- _Source material_:

○ ○ ○ ○

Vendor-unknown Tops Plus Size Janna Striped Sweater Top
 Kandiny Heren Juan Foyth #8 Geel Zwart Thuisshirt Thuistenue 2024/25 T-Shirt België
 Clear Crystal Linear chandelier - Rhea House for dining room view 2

○ ○ ○ ○

- _Exercise requirements_: Please output the entire listing exactly as it stands.

- _Response box_:
Vendor-unknown Tops Plus Size Janna Striped Sweater Top
 Kandiny Heren Juan Foyth #8 Geel Zwart Thuisshirt Thuistenue 2024/25 T-Shirt België
 Clear Crystal Linear chandelier - Rhea House for dining room view 2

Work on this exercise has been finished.